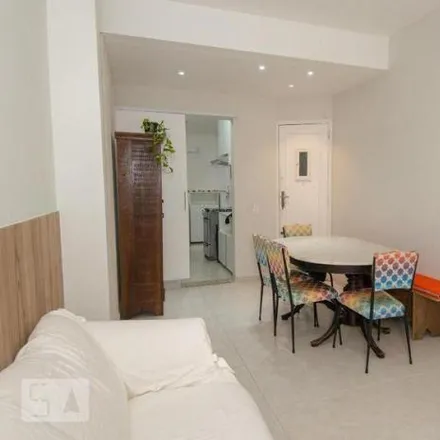 Rent this 2 bed apartment on Pão de Açúcar in Rua Ministro Viveiros de Castro 38, Copacabana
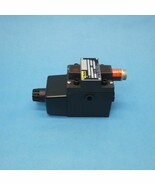 Parker D3W8KNYC56 Solenoid Hydraulic Valve 2/2 Valve 120 VAC NFPA D05 New - €280,93 EUR
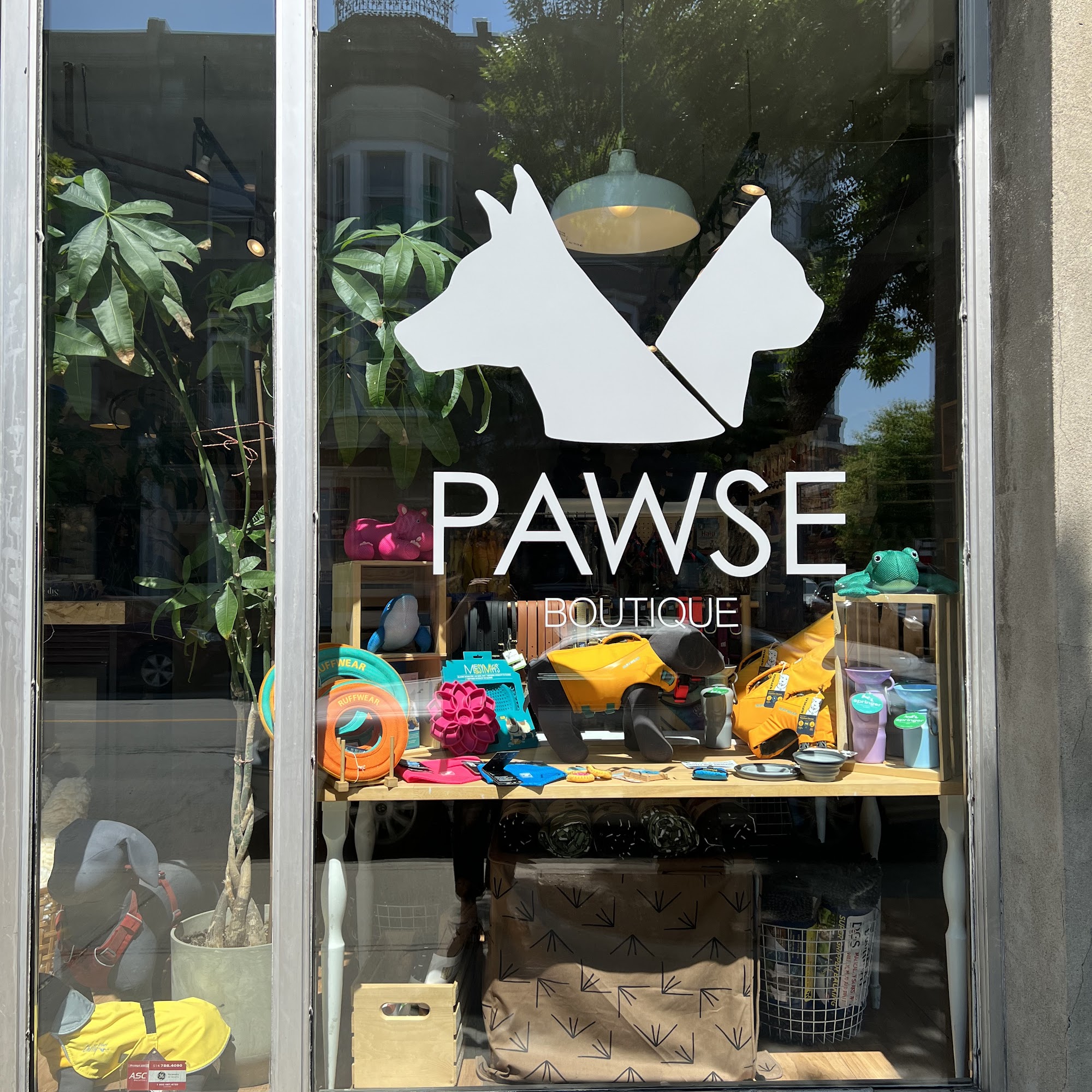 Boutique Pawse Inc. Montreal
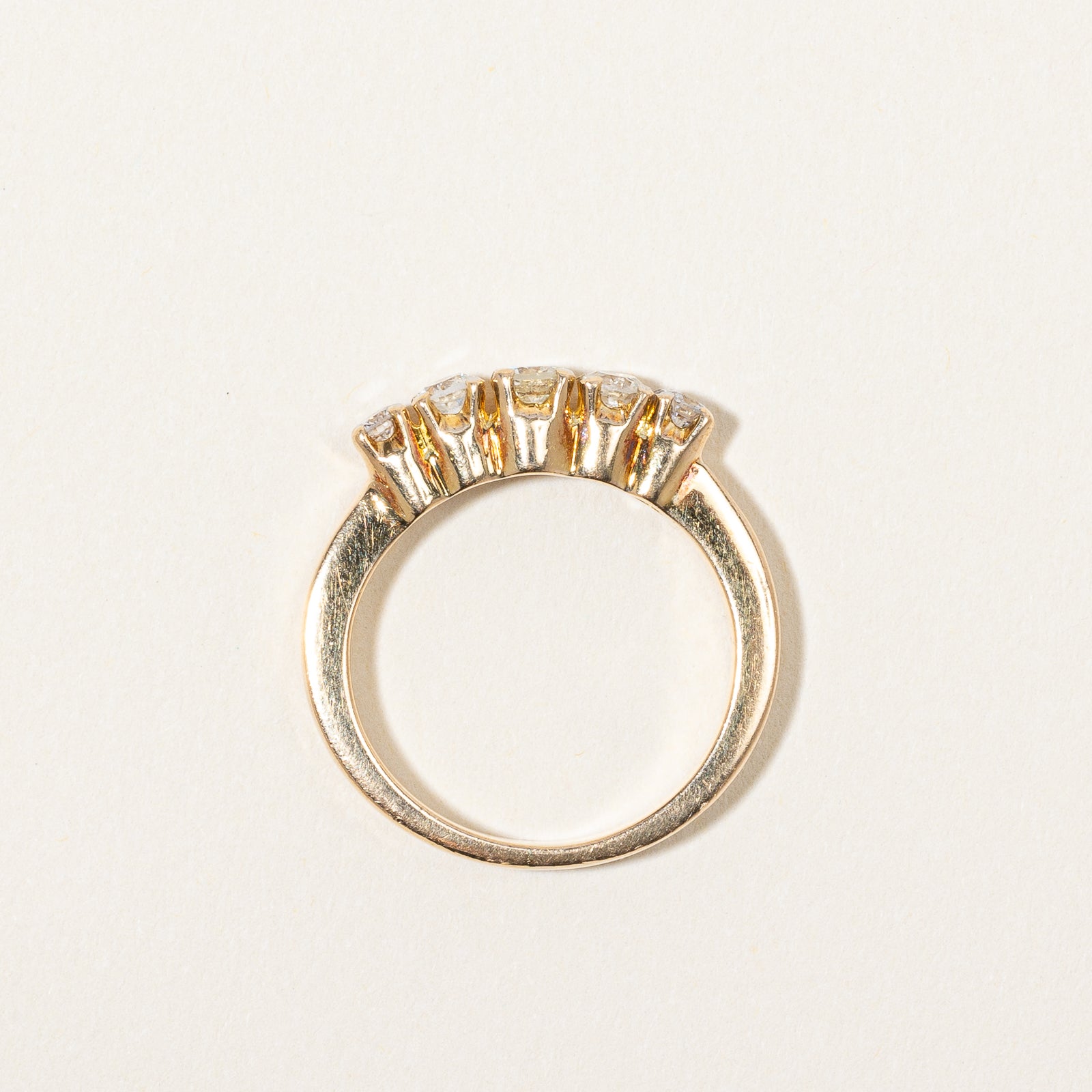 Bague cinq diamants | 0,40 ct au total, taille 5,75 |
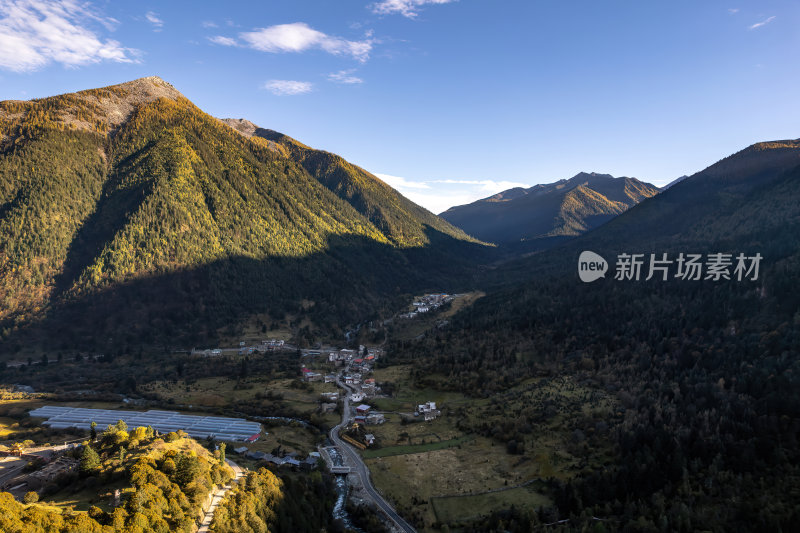 四川阿坝州党岭村高原峡谷秋色高空航拍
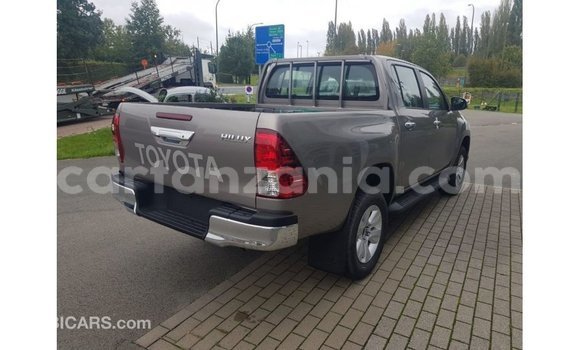 Nunua Imported Toyota Hilux Nyingine Gari ndani ya Import - Dubai nchini Arusha Nunua Imported Toyota Hilux Nyingine Gari ndani ya Import - Dubai nchini Arusha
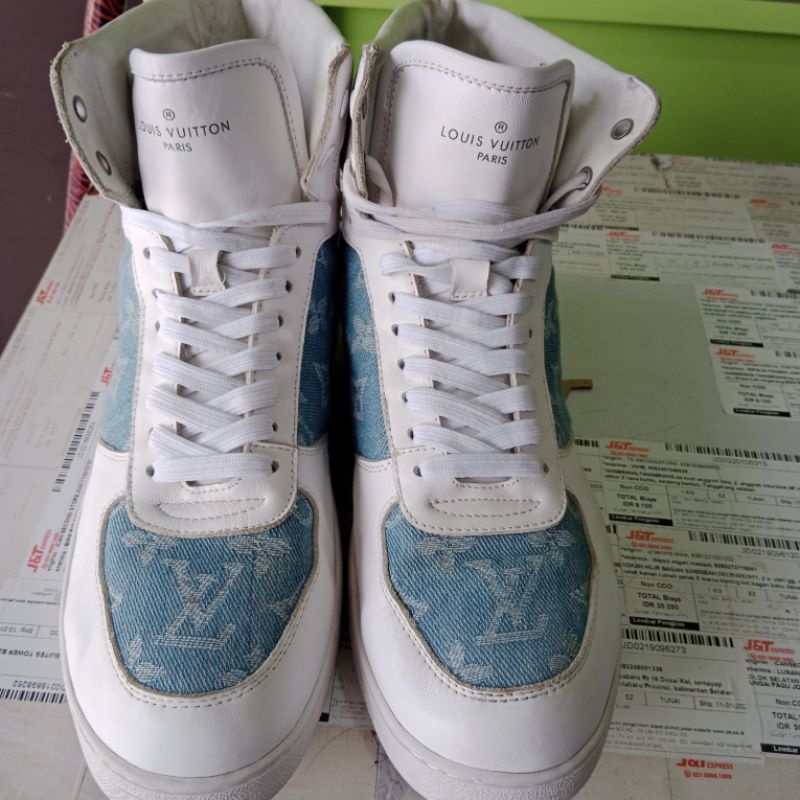 Sepatu Sneaker LV Louis Vuitton Rivoli High Top Denim Second Bekas  Preloved, Fesyen Wanita, Sepatu di Carousell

——

- [WHAT YOU SHOULD DO]: Reproduce the lines above starting at the one with "Parker D3W8KNYC56 Solenoid" and ending at the one with "nchini Arusha Nunua", both included, exactly and with no pictures.

- [ANSWER TO THIS EXERCISE]:
 Parker D3W8KNYC56 Solenoid Hydraulic Valve 2/2 Valve 120 VAC NFPA D05 New - €280,93 EUR
 Boutique Pawse Inc. Montreal
 Bague cinq diamants | 0,40 ct au total, taille 5,75 |
 四川阿坝州党岭村高原峡谷秋色高空航拍
 Nunua Imported Toyota Hilux Nyingine Gari ndani ya Import - Dubai nchini Arusha Nunua Imported Toyota Hilux Nyingine Gari ndani ya Import - Dubai nchini Arusha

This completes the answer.